A proposal to implement tender procedures and introduce competition between publishers in the context of national open-access consortia
Open-access transformation of scholarly publications is a declared goal of Coalition S and the OA2020 initiative and their supporting institutions. To reach a large-scale open-access transition of journals, established subscription-based journals should flip to open access. Currently, transformative agreements are favored to achieve that aim, like the agreements that have been negotiated by the project DEAL with the three biggest international publishers (Elsevier, Springer Nature, and Wiley) for several years. Transformative agreements’ design and conditions are bilaterally negotiated between publisher and library consortia. Often, previous subscription expenditures serve as a starting point for negotiations. In addition, the DEAL-Wiley Read-and-Access agreement takes over APCs for publications in pure open-access journals with a 20% discount on list price. The DEAL-Springer agreement is supposed to be signed under similar conditions.
But what can we expect after the tipping point, when transformative agreement worldwide lead to a widespread flip of scholarly journals to open access? Which actors will become important, how agreements will be shaped, which price-setting mechanisms will be applied, how will be the funding of open-access publishing organized—and finally—will we success in breaking the ever increasing subscription costs with open access, or will we be faced with a new APC price spiral?
We need to deliberate on these questions to ensure that the path towards open access succeeds in a favorable, long-term outcome. If libraries want to play a decisive role in the future information provision in terms of funding and provision with open-access publications, they have to conclude pure open-access contracts on behalf of their researchers and centrally organize the funding of APCs, BPCs and other open-access costs. In light of a continuously rising publication output on the one hand and fixed budgets of research performing organizations on the other hand, we propose to implement mechanisms that introduce competition on prices and services between publishers to ensure that the open-access publication system is economically sustainable in the long-term.
The basic idea is that libraries conclude contracts only with publishers offering the best value-for-money for publications in open-access journals (APC-service-quality ratio). Eligible researchers (e.g., affiliated corresponding authors) can publish in these journals without author-facing costs or administrative burden. For publications in open-access journals not covered by such contracts, the authors have to organize funding themselves. Therefore, the provision with such contracts has price-signaling and publication-channeling effects. Authors will tend to publish more frequently in journals that are covered by an open-access contract and have a good price-performance ratio, rather than in journals with a poor price-performance ratio, if only because of the effort involved in regulating the assumption of costs. Nonetheless, the freedom of research is preserved to the same extent as today. Authors are free to choose how and where to publish their articles, either in open-access journals, hybrid journals or subscription-based journals.

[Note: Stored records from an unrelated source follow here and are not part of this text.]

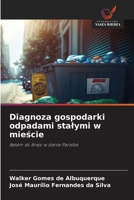 Diagnoza gospodarki odpadami stalymi w miescie (Polish Edition) 6209759688 Book Cover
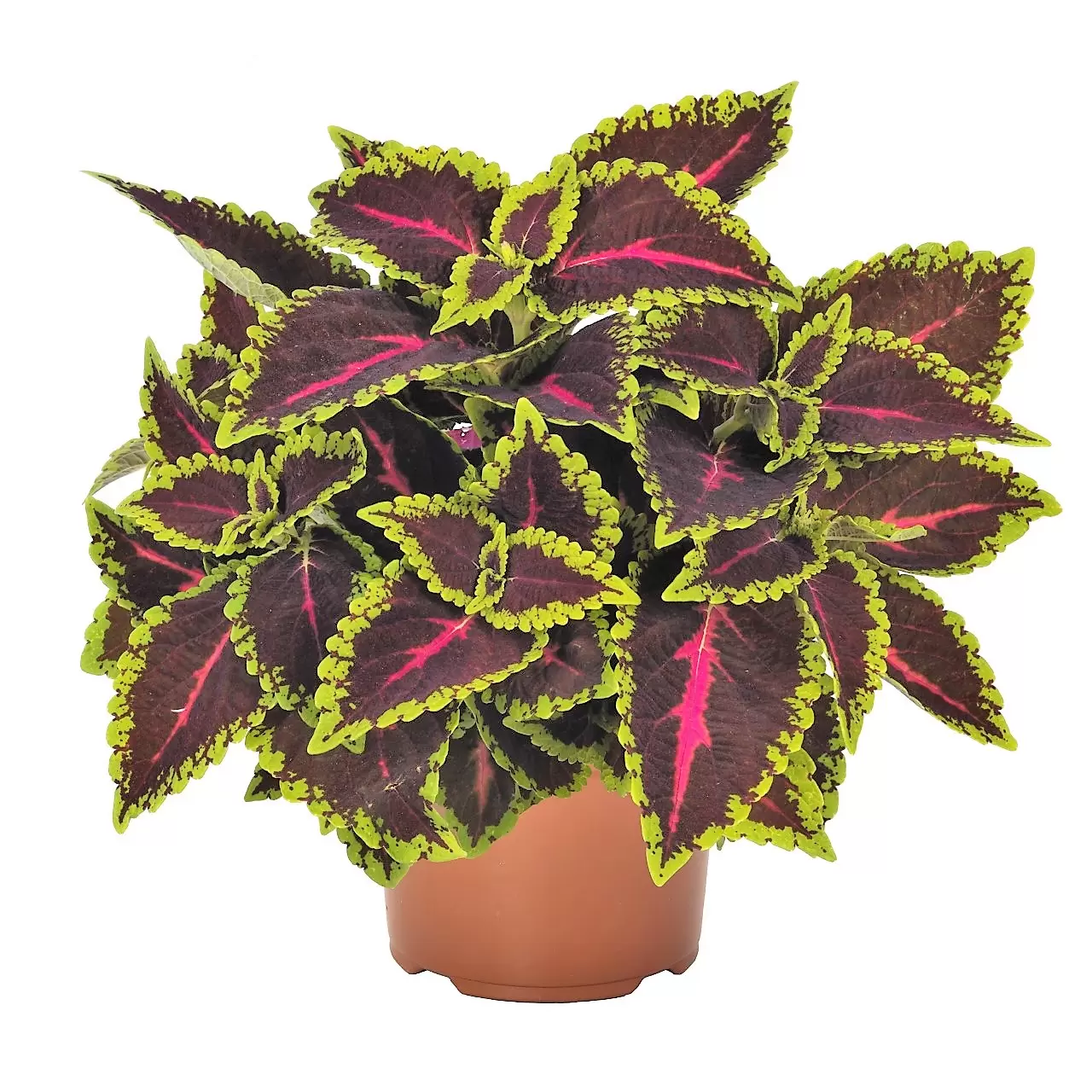 Coleus 'Main Street Alligator Alley' - Cowell's Garden Centre | Woolsington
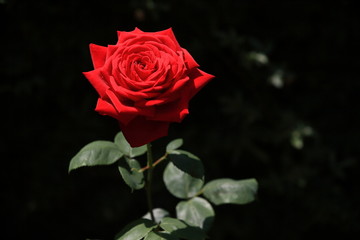 Naklejka premium 陽光に照らされて輝く深紅の薔薇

A published research article is like a mini monopoly; it cannot be substituted with other articles. However, the process of (open-access) publishing is a service that can be substituted between publishers and journals to some degree. Therefore, publishing services can be integrated in competitive processes. SCOAP³ successfully established competition on price and service for open-access publishing within high-energy physics.

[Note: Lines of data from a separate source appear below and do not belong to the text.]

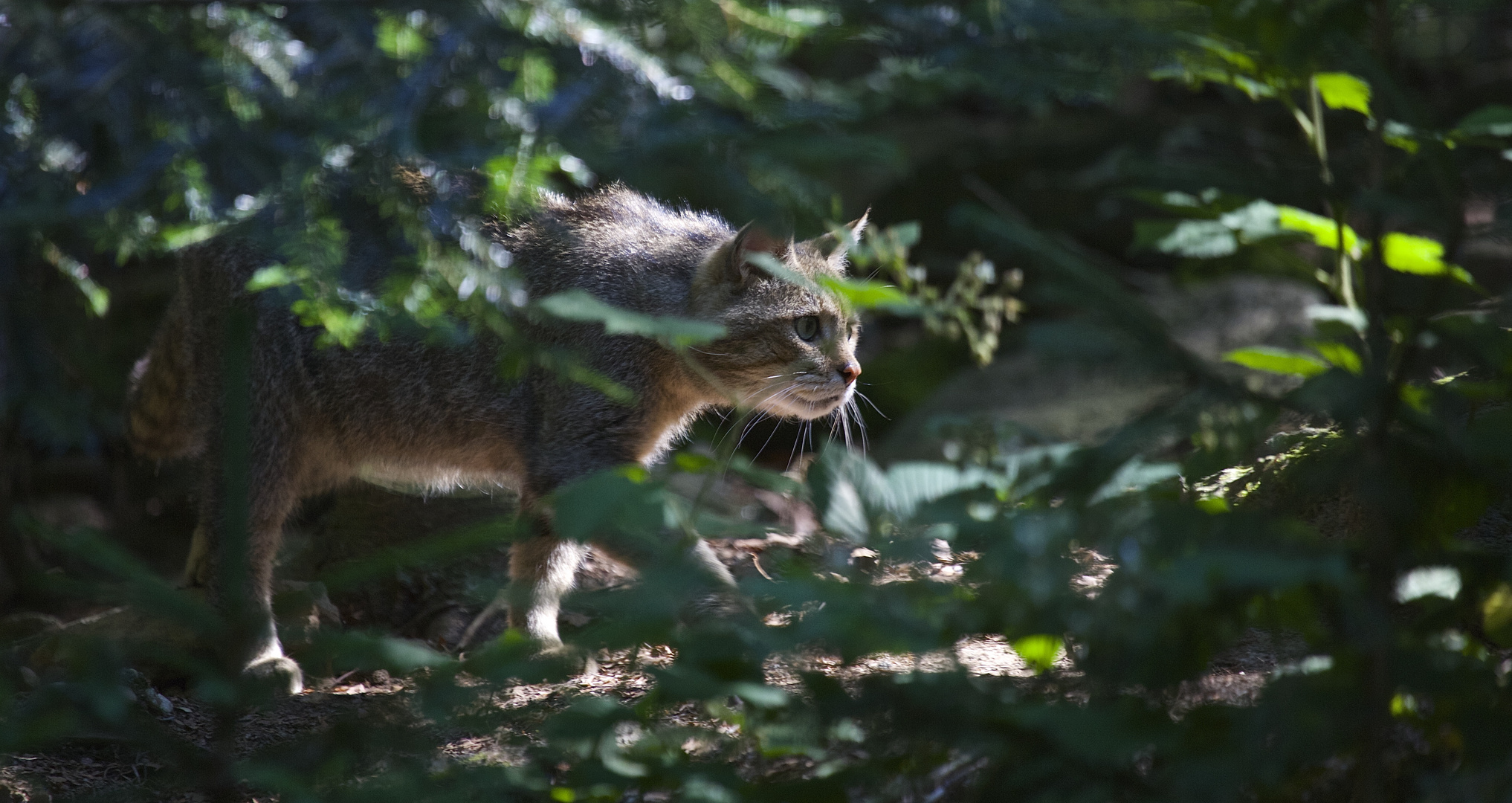 wildkatze im national park bay.wald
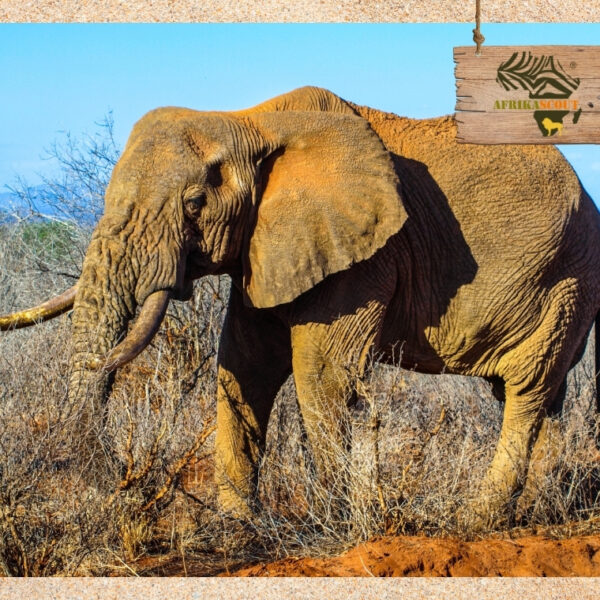 Mkomazi Nationalpark – Das verborgene Paradies für Safaris in Tansania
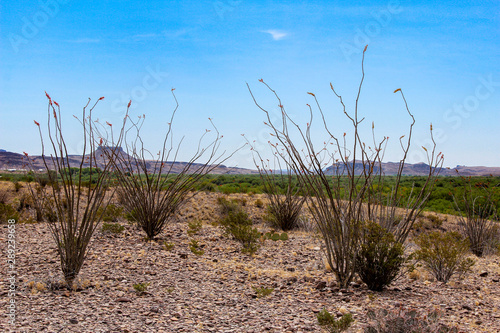 West Texas 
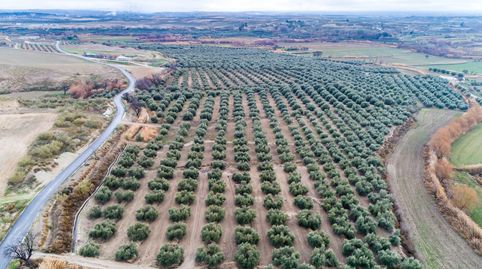 Foto 5 de Finca rústica en venta en Baza, Granada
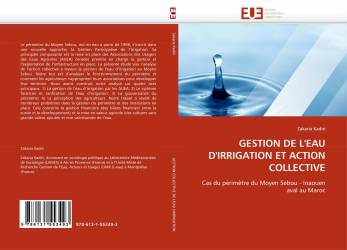 GESTION DE L'EAU D'IRRIGATION ET ACTION COLLECTIVE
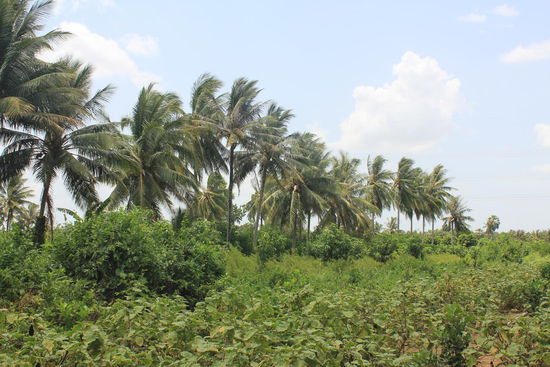 Gemuese- und Fruechte-Plantagen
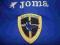 BLUEBIRDS - WALES - JOMA - OKAZJA!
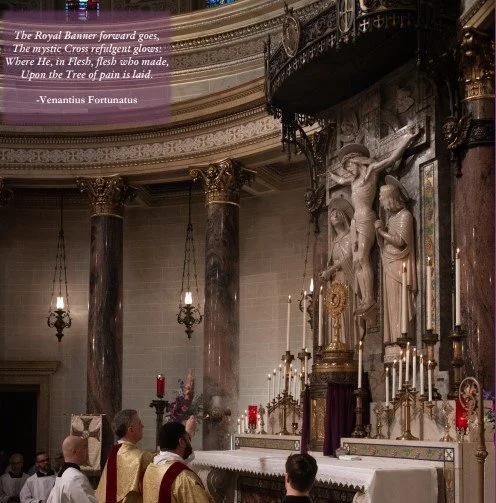 THE EUCHARIST: A MYSTERY TO BELIEVE, CELEBRATE, AND LIVE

Even though the integration of open-access journals in transformative agreement is the right path to transform library acquisition budgets from subscription to open-access funding on a large scale, the question is why consortia do not conclude similar agreements with pure open-access publishers. Asymmetric funding without good reasons can lead to undue disadvantages for less favored publishers. If structures in libraries (agreements, workflows etc.) favor publishing in open-access journals of big, traditionally subscription-based publisher over that of medium-sized and small publishers, the latter run the risk of being forced out of the market. The result would be a further concentration on a few, large providers.
For two reasons, we propose to establish a national open-access consortium with as much research libraries and institutions as possible, that regularly pay significant amounts of APCs to pure open-access journals and publishers: firstly, to better anchor the funding of open-access publishing in higher-education and research institutions, and secondly, to introduce mechanisms that limit cost and price increases, respectively, in the long term. This consortium aims to finance publications of German corresponding authors in open-access journals publishers through a tender procedure, which correlates quality and price. The pilot project is not subject specific and will focus particularly on pure open-access publishers as a start.
The concept for a “German Consortium for Publishing in Open Access Journals” was first presented by Dr Nina Schönfelder at the OASPA 2019 Annual Conference in Copenhagen during the “Show and Tell” session. A conference recording of the talk as well as the presentation slides are available here (32.–41. min). We currently develop the concept in detail, which will be published at the beginning of the next year.